The equidistribution theorem is a useful tool for proving that some limits over $\mathbb{N}$ (do not) exist or some series are (not) converging, but in general $\lim_{n\to +\infty}f(n)$ may exist even if $\lim_{x\to +\infty}f(x)$ does not: just take $f(x)=\sin(\pi x)$. On the other hand, it is trivial that $\lim_{x\to +\infty}f(x)=C$ implies $\lim_{x\to +\infty}f(n)=C$. In our case $\lim_{x\to +\infty}f(x)$ does not exist and neither it does $\lim_{n\to +\infty} f(n)$, but that is tricky. Take a convergent $\frac{p_k}{q_k}$ of the continued fraction of $\frac{\pi}{2}$ with $q_k$ being odd: we have $$ \left| \frac{p_k}{q_k}-\frac{\pi}{2} \right|\leq \frac{1}{q_k^2}, $$ hence $|\sin(p_k)|$ is less than $\frac{1}{q_k}$ apart from $1$ and $\cos(p_k)$ is less that $\frac{1}{q_k}$ apart from zero, hence if $q_k$ is big enough we have $\left|\frac{\tan(p_k)}{p_k}\right|\geq\frac{1}{2}$, so $\limsup_{n\to +\infty}|f(n)|\geq\frac{1}{2}$. With the same technique we may also find a subsequence proving $\liminf_{n\to +\infty} |f(n)|\leq \frac{1}{3}$, so the limit does not exist.

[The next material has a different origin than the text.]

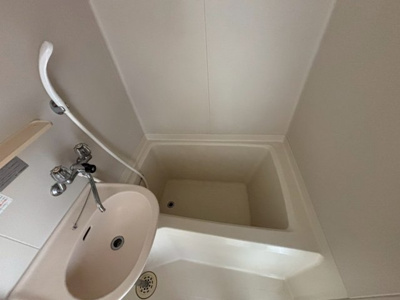 【浴室】 | リリーズハウス相模大野 | 日々の暮らしに欠かせないお風呂です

If a function $f$ is continuous, then for any sequence $x_n\to x_0$, $$\lim_{x_n\to x_0} f(x_n)=f(x_0),$$ and in particular if $x_0=\infty$, $$\lim_{n\to\infty}f(n)=\lim_{x\to\infty}f(x)$$ for real $x$ and natural $n$. However this is not the case since $\tan$ is not continuous, and in fact it does not even make sense to say $$\lim_{x\to\infty}\frac{\tan x}{x}$$ because this is only definied if all sequences converging to infinity give the same limit.

So in short, yes, you have to use natural numbers, which does make the question more difficult but also more interesting.

In fact I am starting to think that the limit does not exist in this case either, since the decimal expansion of $\pi/2$ has arbitrarily long sequences of zeros (I don't know if this is even known?), and so $\tan n$ becomes arbitrarily large. But I may be wrong.

EDIT: I'm sorry I just realized Jack D'Aurizio answered that beautifully.